[What you have to do] The listing below must be repeated word for word, with its images excluded.

[Data shown]
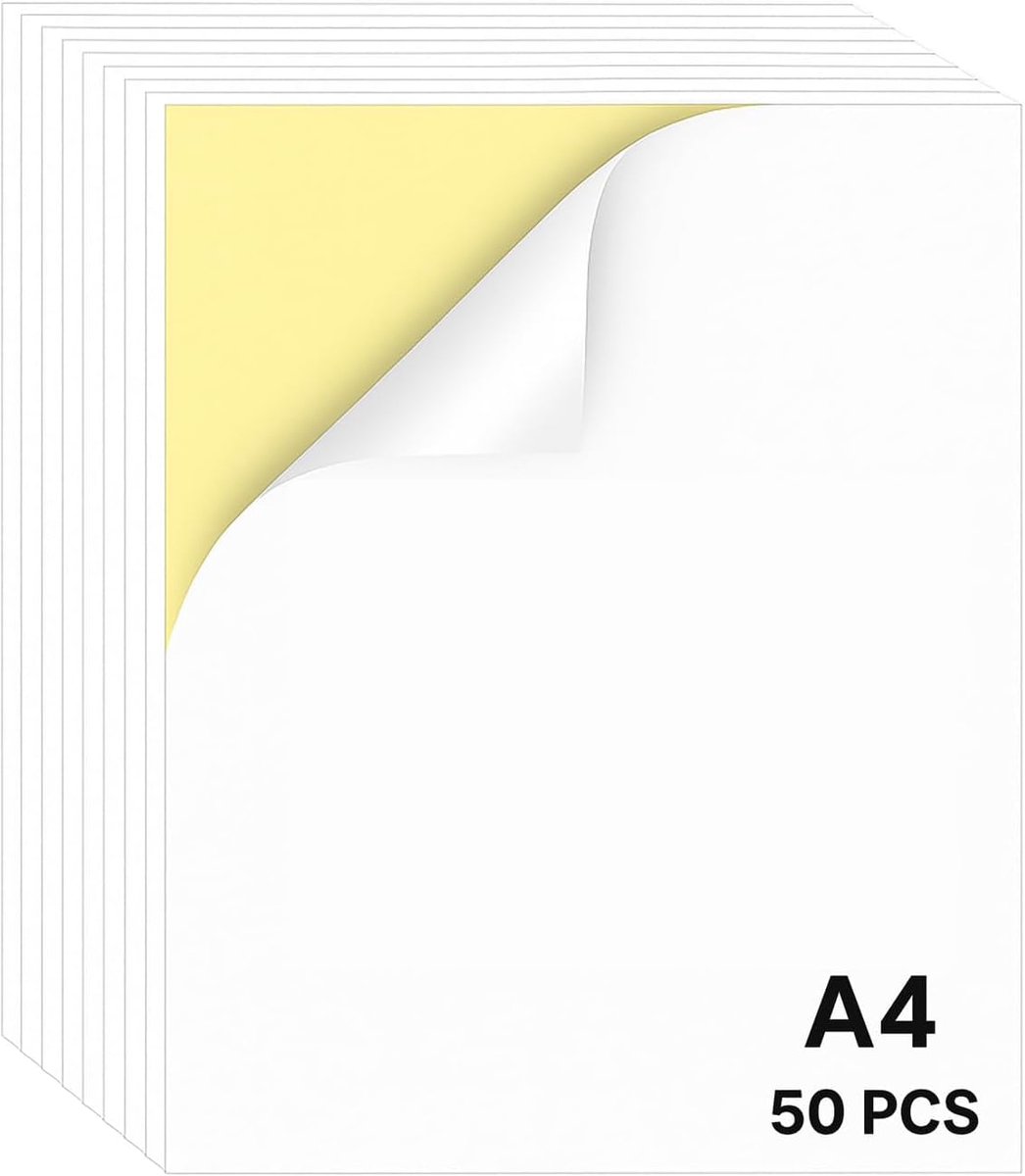 Dailygoods- Etiketten A4 - Zelfklevende Etiketten - Bedrukbaar - Glad Oppervlak - Sterke Hechting - Geschikt voor Laser-/Inkjetprinters - Label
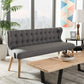 Melody 3-Seater Settee Bench in Mid-Century Modern Style with Grey Fabric and Natural Wood Finish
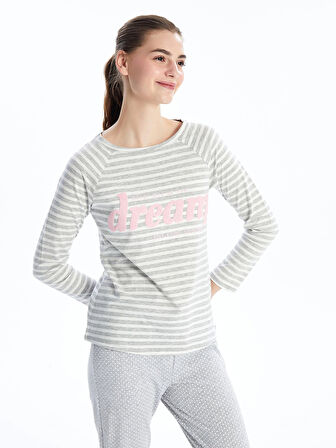 LCW DREAM GRİ Bisiklet Yaka Baskılı Kadın Pijama Takımı
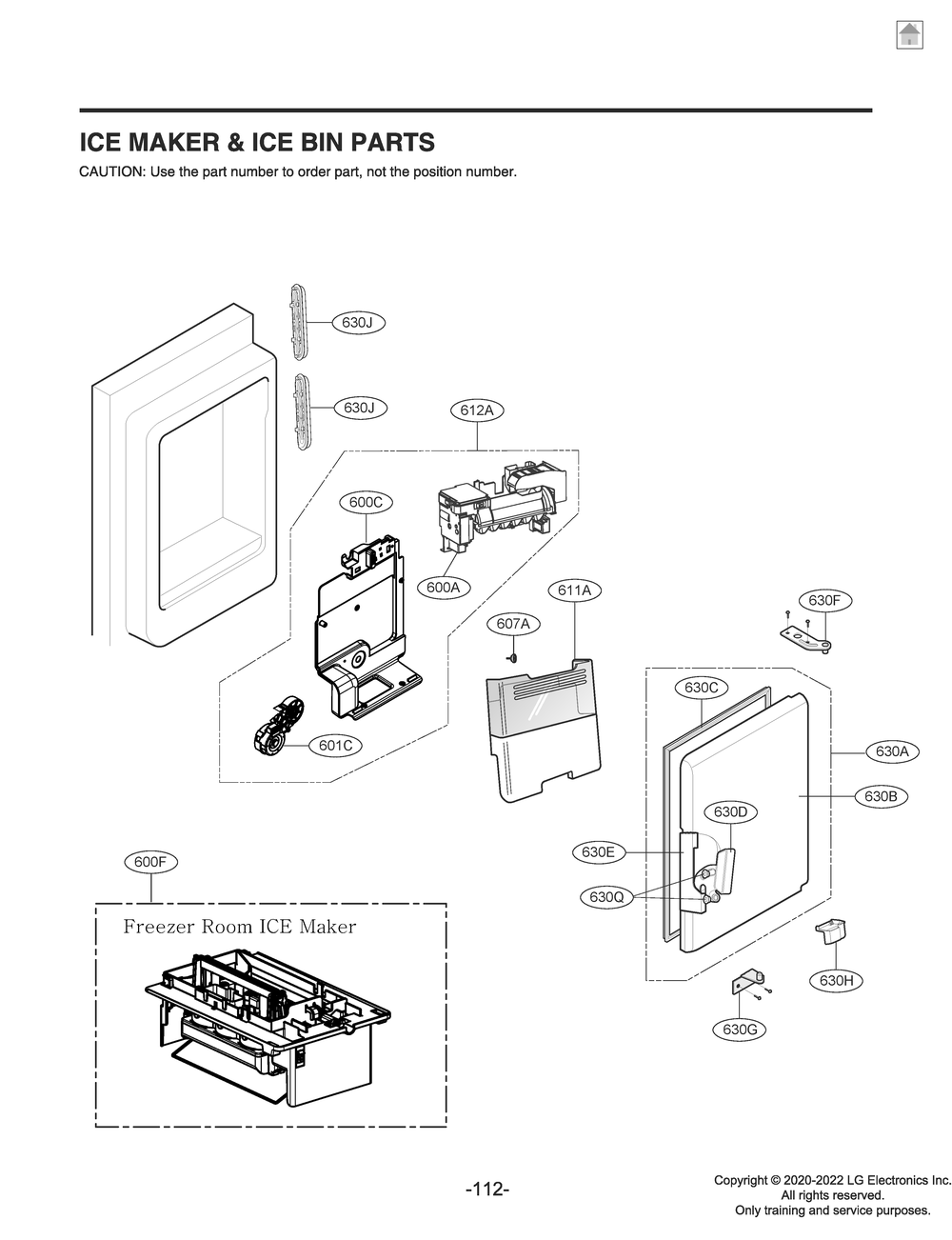 Ice Maker And Ice Bin Parts Diagram and Parts List for GR-L28ANSYX ASTCNA2 LG Refrigerator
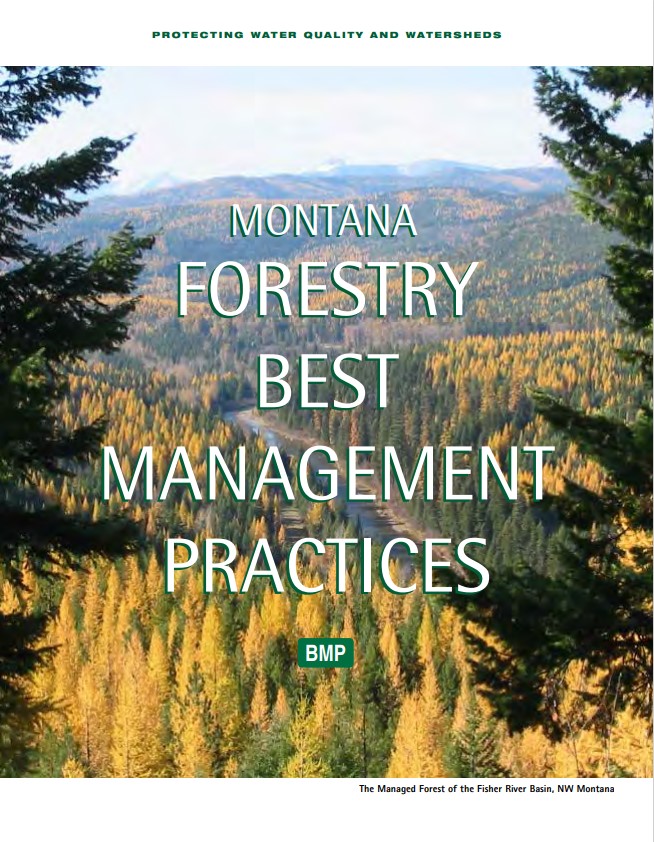 Front page of BMP book featuring a managed forest in NW Montana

[Result]
 Dailygoods- Etiketten A4 - Zelfklevende Etiketten - Bedrukbaar - Glad Oppervlak - Sterke Hechting - Geschikt voor Laser-/Inkjetprinters - Label
 Melody 3-Seater Settee Bench in Mid-Century Modern Style with Grey Fabric and Natural Wood Finish
 LCW DREAM GRİ Bisiklet Yaka Baskılı Kadın Pijama Takımı
 Ice Maker And Ice Bin Parts Diagram and Parts List for GR-L28ANSYX ASTCNA2 LG Refrigerator
 Front page of BMP book featuring a managed forest in NW Montana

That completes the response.